> _Task description_
Please keep to the lines below from the one with "Pair of wall" through the one with "Close-up of black", and restate them word for word, ends included.

Segment Start: Recorded data

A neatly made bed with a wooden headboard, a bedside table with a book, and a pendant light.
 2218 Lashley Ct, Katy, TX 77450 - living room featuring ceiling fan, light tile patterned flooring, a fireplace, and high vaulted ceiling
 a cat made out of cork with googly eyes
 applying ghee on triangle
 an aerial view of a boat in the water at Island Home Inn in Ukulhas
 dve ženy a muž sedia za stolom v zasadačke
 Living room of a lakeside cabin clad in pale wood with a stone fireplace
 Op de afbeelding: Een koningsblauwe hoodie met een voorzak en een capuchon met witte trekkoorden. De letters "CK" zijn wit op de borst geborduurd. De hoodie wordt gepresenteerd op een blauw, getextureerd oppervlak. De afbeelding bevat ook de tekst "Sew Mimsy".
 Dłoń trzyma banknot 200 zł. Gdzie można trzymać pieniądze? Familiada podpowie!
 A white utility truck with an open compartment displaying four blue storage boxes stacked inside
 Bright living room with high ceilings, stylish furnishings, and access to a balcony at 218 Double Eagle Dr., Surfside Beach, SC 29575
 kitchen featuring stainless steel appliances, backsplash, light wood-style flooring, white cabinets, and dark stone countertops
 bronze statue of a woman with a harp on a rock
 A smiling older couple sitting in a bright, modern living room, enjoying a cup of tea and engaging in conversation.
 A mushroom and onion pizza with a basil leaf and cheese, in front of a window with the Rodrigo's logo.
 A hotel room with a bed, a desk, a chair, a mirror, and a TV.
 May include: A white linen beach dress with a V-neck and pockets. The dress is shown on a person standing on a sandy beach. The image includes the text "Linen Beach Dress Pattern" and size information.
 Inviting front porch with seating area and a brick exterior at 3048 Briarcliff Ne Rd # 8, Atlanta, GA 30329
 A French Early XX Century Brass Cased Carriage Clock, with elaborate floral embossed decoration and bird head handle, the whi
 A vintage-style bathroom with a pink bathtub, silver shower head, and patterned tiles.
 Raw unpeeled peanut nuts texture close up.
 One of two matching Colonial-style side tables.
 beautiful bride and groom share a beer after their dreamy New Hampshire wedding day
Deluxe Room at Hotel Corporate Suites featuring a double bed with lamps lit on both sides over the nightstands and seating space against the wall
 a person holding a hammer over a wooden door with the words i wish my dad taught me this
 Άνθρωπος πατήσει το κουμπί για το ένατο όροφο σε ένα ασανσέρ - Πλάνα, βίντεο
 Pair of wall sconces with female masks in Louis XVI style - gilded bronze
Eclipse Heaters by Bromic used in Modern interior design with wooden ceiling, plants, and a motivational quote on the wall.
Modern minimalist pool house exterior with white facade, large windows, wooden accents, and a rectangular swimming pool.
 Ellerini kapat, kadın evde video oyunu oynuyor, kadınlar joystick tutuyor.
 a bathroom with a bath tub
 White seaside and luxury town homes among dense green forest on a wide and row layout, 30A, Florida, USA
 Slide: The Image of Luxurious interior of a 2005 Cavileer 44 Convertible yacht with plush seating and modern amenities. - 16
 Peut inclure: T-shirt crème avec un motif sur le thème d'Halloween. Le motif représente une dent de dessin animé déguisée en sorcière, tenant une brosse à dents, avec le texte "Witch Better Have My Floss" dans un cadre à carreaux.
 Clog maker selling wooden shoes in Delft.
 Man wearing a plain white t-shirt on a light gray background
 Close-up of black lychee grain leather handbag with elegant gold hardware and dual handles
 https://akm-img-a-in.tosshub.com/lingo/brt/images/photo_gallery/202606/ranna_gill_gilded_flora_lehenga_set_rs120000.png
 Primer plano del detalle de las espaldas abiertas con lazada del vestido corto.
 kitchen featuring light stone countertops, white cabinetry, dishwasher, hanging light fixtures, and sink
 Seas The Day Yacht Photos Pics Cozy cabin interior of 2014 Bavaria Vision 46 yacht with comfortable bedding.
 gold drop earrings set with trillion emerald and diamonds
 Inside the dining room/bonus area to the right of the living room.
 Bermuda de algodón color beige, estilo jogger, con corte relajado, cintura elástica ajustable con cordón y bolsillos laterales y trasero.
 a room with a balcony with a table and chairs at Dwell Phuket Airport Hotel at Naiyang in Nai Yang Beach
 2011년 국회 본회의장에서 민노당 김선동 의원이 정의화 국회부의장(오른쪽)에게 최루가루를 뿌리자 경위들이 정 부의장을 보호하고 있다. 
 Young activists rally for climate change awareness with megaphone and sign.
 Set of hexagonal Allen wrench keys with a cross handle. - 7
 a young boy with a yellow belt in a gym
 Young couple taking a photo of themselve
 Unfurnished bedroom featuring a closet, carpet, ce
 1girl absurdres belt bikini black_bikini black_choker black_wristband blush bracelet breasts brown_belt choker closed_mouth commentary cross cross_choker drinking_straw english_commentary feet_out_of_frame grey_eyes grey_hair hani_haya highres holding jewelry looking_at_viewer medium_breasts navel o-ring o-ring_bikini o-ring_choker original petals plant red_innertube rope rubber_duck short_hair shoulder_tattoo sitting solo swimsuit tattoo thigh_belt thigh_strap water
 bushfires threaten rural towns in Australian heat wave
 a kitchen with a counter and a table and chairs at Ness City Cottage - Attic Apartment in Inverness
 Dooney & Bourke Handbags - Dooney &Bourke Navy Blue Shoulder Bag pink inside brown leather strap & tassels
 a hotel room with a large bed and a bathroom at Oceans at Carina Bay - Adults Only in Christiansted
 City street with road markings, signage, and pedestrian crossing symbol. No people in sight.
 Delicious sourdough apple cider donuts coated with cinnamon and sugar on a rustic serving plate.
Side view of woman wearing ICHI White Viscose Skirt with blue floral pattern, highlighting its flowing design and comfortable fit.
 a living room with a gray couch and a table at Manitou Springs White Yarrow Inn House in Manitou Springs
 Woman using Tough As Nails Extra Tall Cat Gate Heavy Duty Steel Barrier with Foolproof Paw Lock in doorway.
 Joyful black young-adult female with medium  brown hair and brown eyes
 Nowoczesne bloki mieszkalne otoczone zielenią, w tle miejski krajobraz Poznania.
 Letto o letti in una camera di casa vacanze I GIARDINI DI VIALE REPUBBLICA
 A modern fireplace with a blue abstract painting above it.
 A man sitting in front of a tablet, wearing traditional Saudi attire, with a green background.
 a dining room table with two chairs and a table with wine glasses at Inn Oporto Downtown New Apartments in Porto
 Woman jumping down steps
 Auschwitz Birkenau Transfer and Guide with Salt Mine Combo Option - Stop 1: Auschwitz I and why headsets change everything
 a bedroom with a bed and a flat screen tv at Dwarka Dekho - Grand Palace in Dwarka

Segment End: Recorded data

> _Response below_
 Pair of wall sconces with female masks in Louis XVI style - gilded bronze
Eclipse Heaters by Bromic used in Modern interior design with wooden ceiling, plants, and a motivational quote on the wall.
Modern minimalist pool house exterior with white facade, large windows, wooden accents, and a rectangular swimming pool.
 Ellerini kapat, kadın evde video oyunu oynuyor, kadınlar joystick tutuyor.
 a bathroom with a bath tub
 White seaside and luxury town homes among dense green forest on a wide and row layout, 30A, Florida, USA
 Slide: The Image of Luxurious interior of a 2005 Cavileer 44 Convertible yacht with plush seating and modern amenities. - 16
 Peut inclure: T-shirt crème avec un motif sur le thème d'Halloween. Le motif représente une dent de dessin animé déguisée en sorcière, tenant une brosse à dents, avec le texte "Witch Better Have My Floss" dans un cadre à carreaux.
 Clog maker selling wooden shoes in Delft.
 Man wearing a plain white t-shirt on a light gray background
 Close-up of black lychee grain leather handbag with elegant gold hardware and dual handles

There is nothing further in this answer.